When choosing pixelisations, projections, or aggregation methods, default to the option with smaller systematic bias even if it costs implementation effort. The "good enough for biodiversity" framing is wrong here.
Every GBIF query that feeds a replication must mint a download DOI (not just a URL). Issue an occurrence download via the GBIF API rather than the search UI, record the resulting DOI (10.15468/dl.…), and cite it in CITATION.cff and the Replication Study's "Methodology" field. Without a download DOI, the dataset is not citable and the replication is not reusable.
copernicusmarine login prompts interactively and fails in CI. Create the credentials file directly from secrets:
- name: Set up Copernicus Marine credentials
run: |
mkdir -p ~/.copernicusmarine
echo "${{ secrets.COPERNICUS_CREDENTIALS_BASE64 }}" | base64 -d \
> ~/.copernicusmarine/.copernicusmarine-credentialsThe secret is a base64-encoded INI file containing [credentials]\nusername=…\npassword=….
Every notebook MUST include code to download its input data — never assume data exists locally. The repo should be cloneable + runnable without manual data preparation. Use Zenodo, GBIF API, Copernicus API, or direct URLs. Files >100 MB go behind actions/cache@v4 in CI.
When writing scientific narrative in nanopub fields (Outcome conclusion, evidence, limitations; Quote-with-comment personal comments), spell out "percentage points" rather than abbreviating as "pp". The abbreviation reads as cryptic and is confusable with page numbers in citations.
- ✅ "8.4 percentage points"
- ❌ "8.4 pp"
The abbreviation is acceptable in dense tables when the column header makes it unambiguous (e.g., Δ (pp)). In prose / textarea fields, spell it out.
A replication that contradicts the original paper's headline is publishable. A replication that overclaims to make the result look stronger is not. If your numerical replication gives a weaker effect than the paper, write it that way; if it contradicts the paper, label the FORRT Outcome as Contradicted and let the CiTO citation type be disputes. The platform's value is research integrity — overclaiming undermines the platform.

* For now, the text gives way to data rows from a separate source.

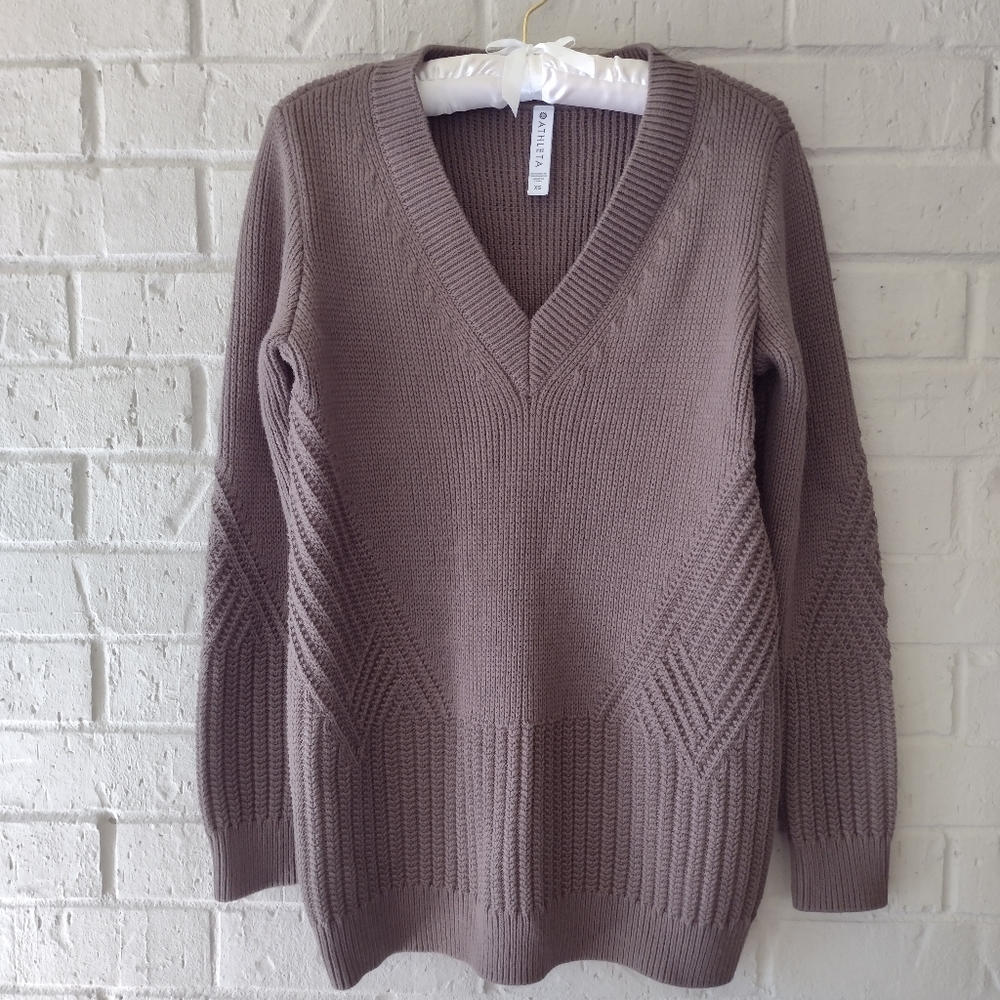Athleta Teton V-neck Sweater X-small Brown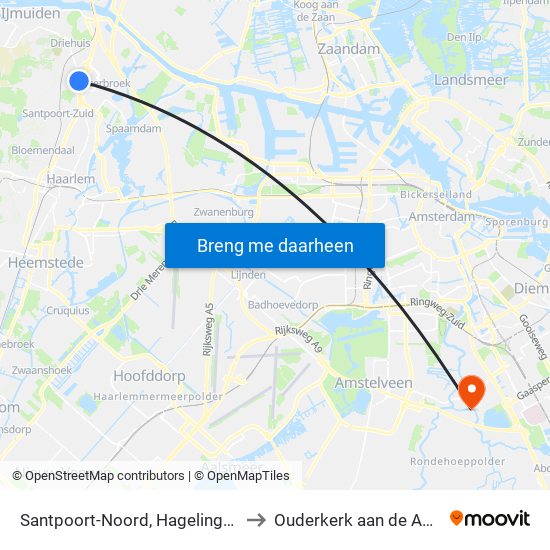 Santpoort-Noord, Hagelingerweg to Ouderkerk aan de Amstel map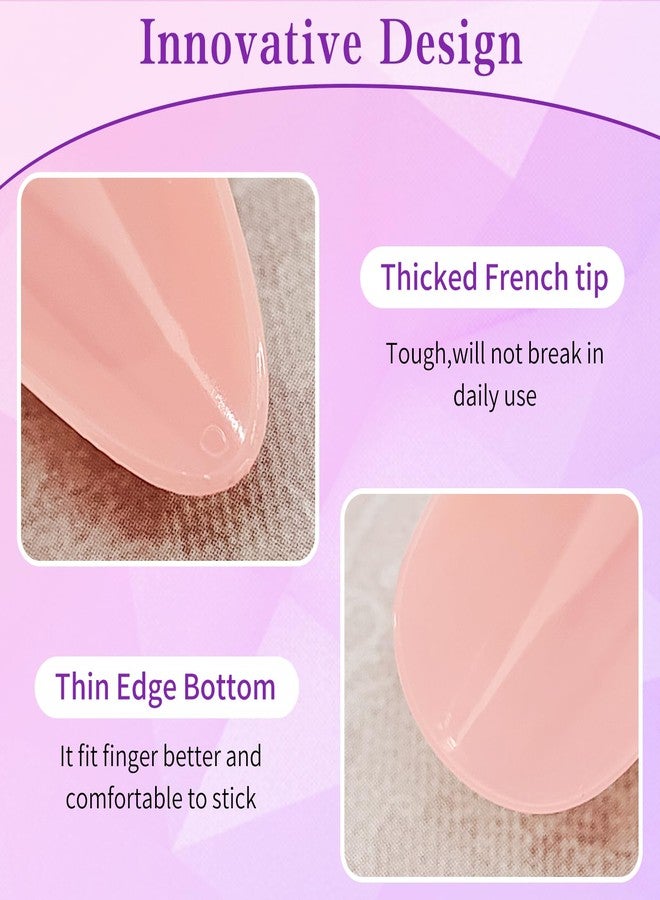 Lifextol 214 Pc White French Tip Press on Nails Medium Fake Nails Press ons with 10*Adhesive Tabs, Pink Almond Acrylic Nails Press on Nails French Tip Nails False Artificial Fingernails Stick on Nails - Image 4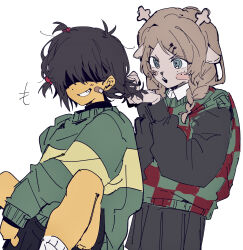  1girl 1other absurdres antlers bandaid bandaid_on_cheek bandaid_on_face black_skirt black_sweater blue_eyes blush_stickers brown_hair checkered_sweater_vest colored_skin deer_girl deltarune freckles green_sweater grin hair_over_eyes highres horns kris_(deltarune) noelle_holiday pleated_skirt skirt smile socks sweater sweater_vest tying_another's_hair utdr_(toby_fox) wa_noko white_socks yellow_skin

When drafting LinkedIn / blog posts about a replication, lead with a vision about what's changing in research practice (Open Science, FAIR4RS, atomic claims), and treat the worked replication as the proof-of-concept payoff. Don't lead with "we replicated X". Don't write marketing-fluff openings ("excited to announce"). Don't tag the original paper authors directly — they'll find it via citation pipelines if it's notable.
To use this template for a domain other than biodiversity + earth observation:
- Pick the closest existing flavour from
docs/domain-flavours/. - Copy it over
DOMAIN.md(in the repo root) — the file Claude reads. - Update three things at minimum:
- Default tooling stack — list the libraries your domain reaches for first.
- Domain conventions — the analogue of "HEALPix always NESTED" for your field. What's a non-obvious convention that, if violated, breaks downstream interop?
- Style conventions — write-up rules specific to your domain.
- If no flavour matches, start from
docs/domain-flavours/_template.mdand ask Claude to help you fill it in based on a few example papers from your field.
A domain flavour is a contract: by including it, you're telling Claude "in this field, do X by default, and flag if the user violates Y". Keep it short and load-bearing — under ~300 lines is a healthy ceiling. Domain rules are not personal style (those go in USER_PREFERENCES.md).